LW: How can this be addressed?
Kfir: There is an alternative. It involves moving into a more dynamic way to score vulnerabilities. In the short term, even we use CVSS as a feed we must change the scoring of the vulnerability to take into account the evolving threat, and the context in which the vulnerable device is being used in the network. If the analyst decides that a vulnerability has a bigger effect on a specific device, we need to adjust the current scoring method to provide more weight for the impacts on availability and integrity.
LW: Does the scoring tool itself needs to be refined, or is this a matter of more training for the analyst?
Kfir: It’s a combination, both the analyst and the monitoring system should dynamically change the values according to the context of the device. For example, the analyst should tell the monitoring system that this is a critical process, and then the monitoring system would reevaluate all the scores of the vulnerability, while taking into account the fact that this is a critical process.
LW: So where do we go from here?
Kfir: What we hope will happen is that the security monitoring systems will become more risk oriented, and more focused on reducing critical vulnerabilities.
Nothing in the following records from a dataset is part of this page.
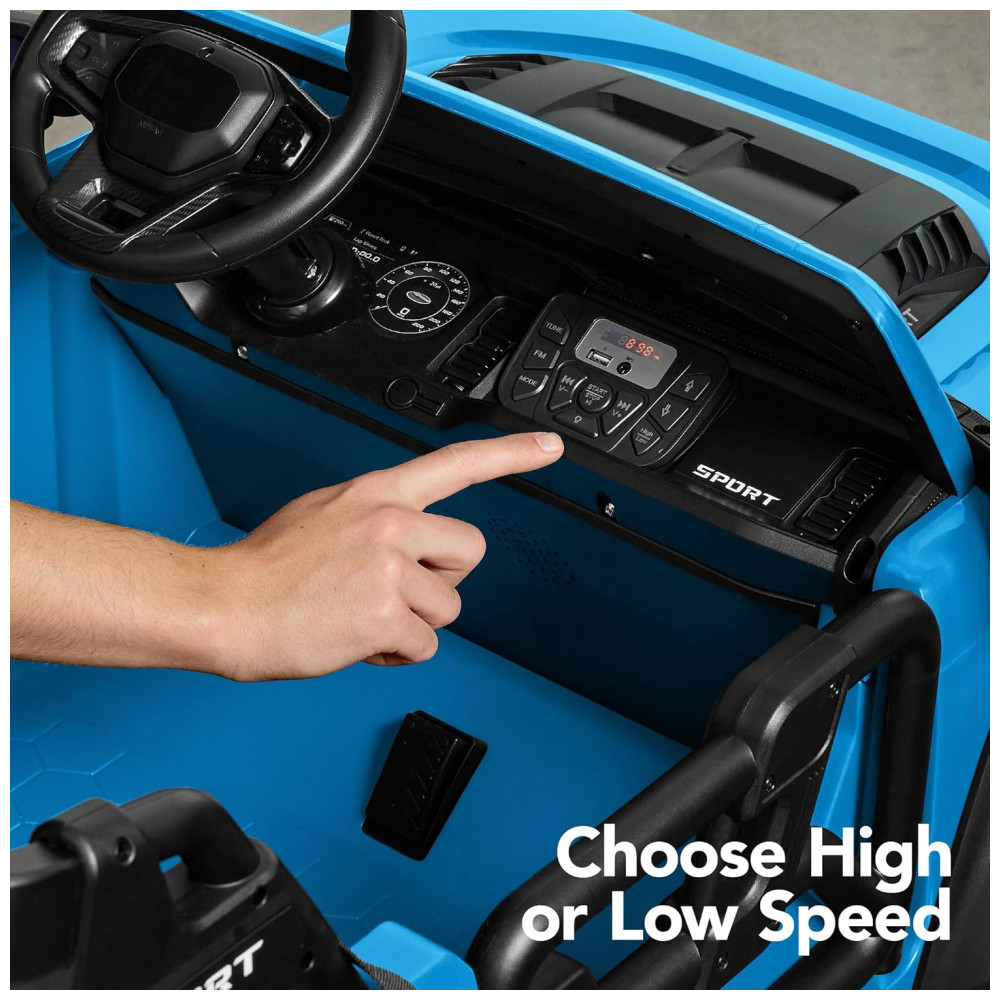 Carro Elétrico Infantil Best Choice Products 24V Azul, Caminhão 2 Lugares, com Controle Remoto, Bluetooth, Luzes LED e Capacidade para 60 kg - Imagem 6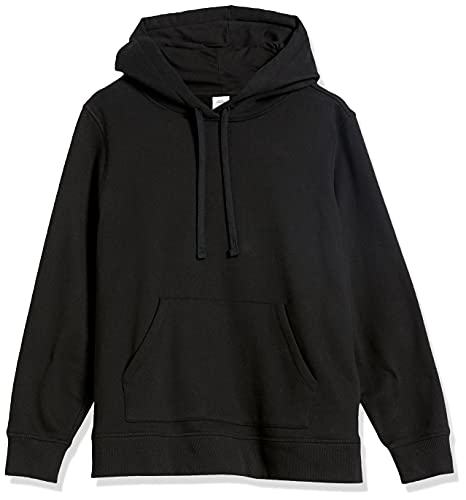 Women's Black Medium Fleece Pullover Hoodie with Kangaroo Pocket - Regular Fit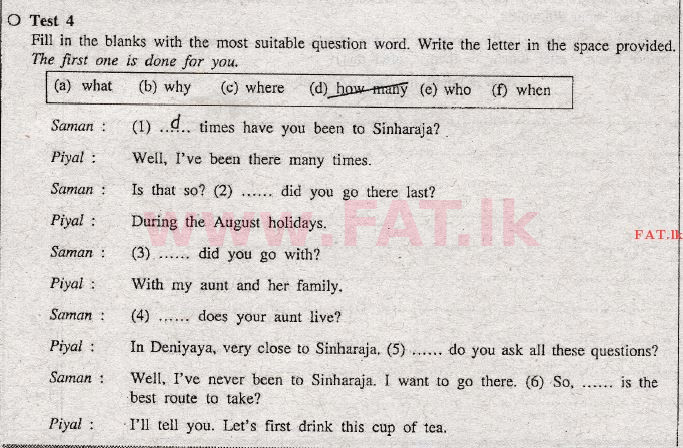 දේශීය විෂය නිර්දේශය : සාමාන්‍ය පෙළ (O/L) ඉංග්‍රීසි භාෂාව - 2011 දෙසැම්බර් - ප්‍රශ්න පත්‍රය I (English මාධ්‍යය) 4 1
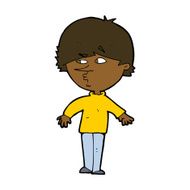 cartoon suspicious man looking over shoulder N8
For that to happen, dynamic scoring will have to be more widely adapted. Monitoring systems will have to be able to automatically identify business processes and dynamically receive feeds of new exploits in the wild. And new algorithms need to be developed, to estimate the exploitability of the device.
Barda: Let me put it in a higher level view. First of all, the industry is starting to move from the level of using visibility and mapping more towards actually taking risk into consideration — but it’s based on static scoring. What needs to be done to make this realistic. To accomplish this we need to move towards dynamic scoring of vulnerabilities. And for this to happen different tools are needed to support these new processes.
It is too much to expect a human analyst to manually evaluate hundreds of parameters involved in dynamic scoring. It will never happen. It is too much manual work and involves too much complexity. So tools need to be used to automate these processes as much as possible — to gather the threat feeds, to correlate analysis business processes and to assess the impacts between different devices. The analyst can then focus on assessing criticality at the business level. There will always be something for the human analyst to do.
LW: This sounds very much like the same initiatives generally being pursued to secure IT networks.
Barda: It’s not just taking the same methods used for IT security into the OT environment. Accounting for the business processes requires specific understanding of how the OT algorithms and applications work. You can take the same concepts, but you need to apply the right methods, with the right algorithms for the OT side.
LW: How much traction do you think dynamic scoring will achieve, in OT settings, in 2019?
Barda: I think wide use of dynamic scoring in OT systems is inevitable. The market is evolving, and understanding customers’ needs is evolving. You can just look at the previous year, and it is quite clear that this will continue to evolve. We’ve already moved through the early phases, from gaining visibility of assets, to getting a view of the attack vectors, to corelating vulnerability identifiers, to refining the scoring metrics. The next step is dynamic scoring.